Source Feed: Walrus
Author: Paul Adams
Publication Date: May 8, 2025 - 06:30
I Regret My Tesla
May 8, 2025

Like a lot of Tesla owners, I recently found myself looking on the internet for bumper stickers. One favourite is “I bought this before Elon went crazy.” But in my case, if I am being honest, that’s not exactly true.
I bought my Model Y in September 2023. By that time, Elon Musk had taken over Twitter, now X, and he not only revealed himself to be a jerk—long widely known—in his increasingly manic posts but he had also started reinstating people who had been kicked off the platform for their racist tweets. A few weeks after I bought the car, he replied to an antisemitic post that invoked the “Great Replacement Theory,” a supposed conspiracy to “swamp” white people with non-whites in the United States, calling it “the actual truth.”

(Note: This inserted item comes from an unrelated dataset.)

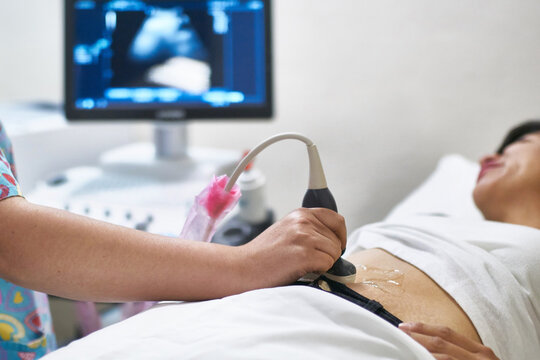 Patient having an ultrasound examination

Of course, that was embarrassing as a new Tesla owner. But at the time, I was hardly alone. Most owners didn’t share Musk’s political opinions. Just the opposite: buyers of Tesla in the US, more than those of any other major car maker, leaned toward the Democratic Party. I told myself that plenty of people book Ubers, order from Amazon, and use Facebook (or X!) despite the politics and personal behaviour of their owners.
But that seems very two years ago. Now Musk is a kind of Reichsmarschall for the first ever openly authoritarian president of the US. And it’s not just that he says “Canada is not a real country” (in a post that’s since been removed) and takes a chainsaw to USAID and the NIH with likely lethal effects. What did it for me was the Nazi salute and the endorsement of Germany’s AfD, whose leaders have brazenly revived Nazi slogans.
I’ve talked to a few friends who own Teslas, and they share my discomfort. It’s not fun driving around in what some people are calling a “swasticar.” Add to that the purely selfish fear that Teslas these days are liable to be keyed or even torched.
I Regret My Tesla first appeared on The Walrus.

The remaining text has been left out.